Когда эти сделавшиеся всеобщим достоянием слухи дошли до императора Александра и графа Румянцева, они были крайне удивлены и взволнованы. Ни малейшего намека ими не было получено из Тюльери. В Тильзите Наполеон ни одним словом не обмолвился ни о разводе, ни о браке. Коленкур также не получил приказания сделать какое-либо сообщение по этому поводу. Но не были ли эти слухи, столь упорно распространившиеся в Петербурге, исходящие, как было известно, из французского официального источника, средством позондировать общественное мнение и подготовить пути к предложению? Если бы такое предложение было сделано, оно поставило бы царя и его советника в весьма затруднительное положение. Отказать было крайне трудно, почти невозможно. Это значило бы нанести союзу смертельный удар. С другой стороны – соединиться кровными узами с коронованным солдатом, как бы блестяща ни была его судьба, казалось делом весьма серьезным, ставящим в крайне неловкое положение, трудно совместимым с принципами старых династий. Русский двор не мог еще свыкнуться с мыслью о таком поразительно неравном браке.
К тому же, в самой императорской семье рисковали встретить трудно преодолимое препятствие. По завещанию, составленному в форме торжественного указа, хранящегося в надежном и священном месте, в Успенском соборе в Москве, императрица-мать получила от своего покойного супруга право располагать своими дочерьми, устраивать их будущее и их браки. Этот документ позволял ей на законном основании оспаривать любой проект о браке, и предоставлял ей действительное право вето, которым она, в данном случае, принимая во внимание всем известные чувства ее к императору французов, не преминула бы воспользоваться. Без сомнения, воля царствующего государя была непреложным законом; Александр мог сокрушить всякое сопротивление, но перспектива приказать своей матери была ему невыносима; если же он ограничится только силой убеждения и кротости, можно было опасаться, что его настояния потерпят неудачу при встрече с упрямством властной и неуступчивой женщины. Как бы то ни было, нужно было прежде всего проникнуть в намерения императора французов; разгадать эту тайну, чтобы иметь возможность обсудить, какое принять решение; составить план будущего поведения и, если потребуется, постепенно ослабить неприязнь императрицы-матери и длинными обходами подойти к делу. Румянцев написал Толстому весьма секретное, тревожное и спешное письмо, в котором он подстрекал и усердие, и любопытство посла. “Весьма убедительно прошу вас, – писал он, – быть столь любезным, сообщить мне лично ваше мнение об этом проекте. Действительно ли он существует? Есть ли вероятность, что предложение о брачном союзе будет сделано? Умоляю вас, не жалейте ни хлопот, ни трудов, чтобы удовлетворить меня по этому предмету”.[618]

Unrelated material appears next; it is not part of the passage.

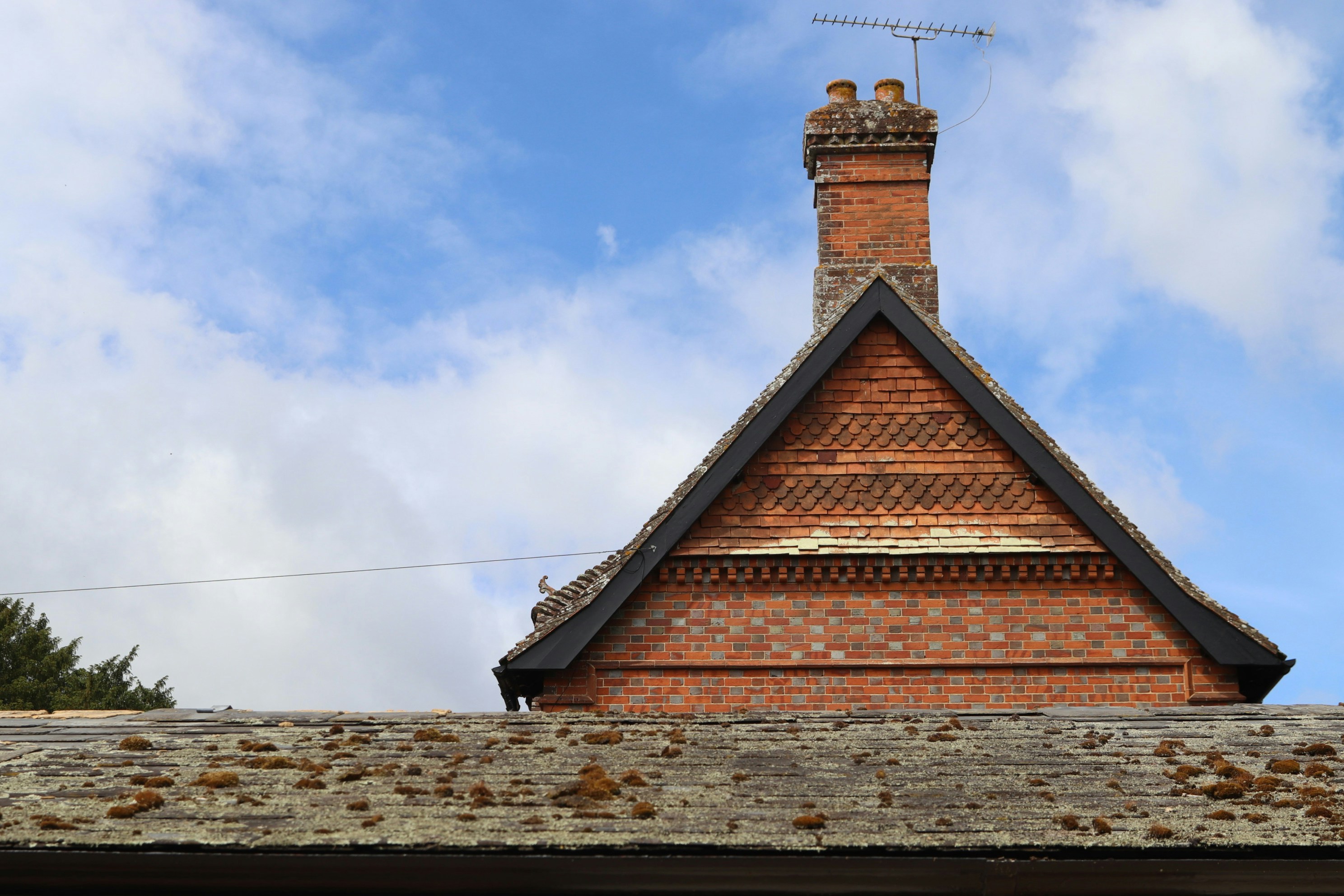 Photo by tanyabarrow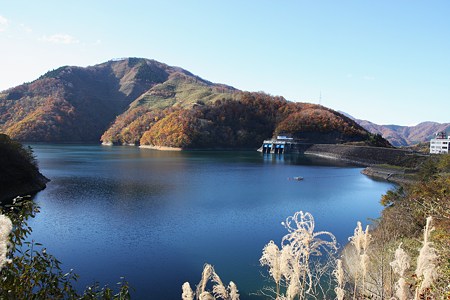 晩秋の九頭竜湖(3)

По тому, что Толстой видел и узнал в Фонтенбло и слышал в Париже, он верил в развод. Он верил даже в намерение жениться на великой княжне. Несомненно, что эта мысль заставляла его содрогаться от священного ужаса; но, писал он скорбным и пророческим тоном, разве мы не живем “в веке, когда невозможное бывает часто самым правдоподобным?”.[619] Тем не менее, когда до него дошло письмо Румянцева, он только что удостоверился, что в деле произошла временная заминка; что, по-видимому, все было отсрочено, и проделки Фуше, обратясь против их автора, задержали развязку, которую должны были ускорить.
Подготовив умы, возбудив всеобщее внимание, пустив слух в публику, Фуше предпринял решительный шаг. Он осмелился написать императрице письмо, в котором намекал ей, чтобы она взяла на себя почин в деле разрыва и принесла себя в жертву. Для нее, говорил он, это было средством навсегда приобрести право на благодарность императора и после развода получить блестящее вознаграждение. Жозефина, вся в слезах, пошла к императору, но не для того, чтобы поднести ему свою жертву, а чтобы потребовать объяснения. Наполеон, застигнутый врасплох, не решился воспользоваться этим случаем как поводом для разговора и разрыва. Он отступил; утешил и успокоил Жозефину, обещая заставить замолчать Фуше, и, в случае надобности, его уволить. Действительно, он жестоко распек министра, а затем уехал в Италию, оставив все в неопределенном положении.[620]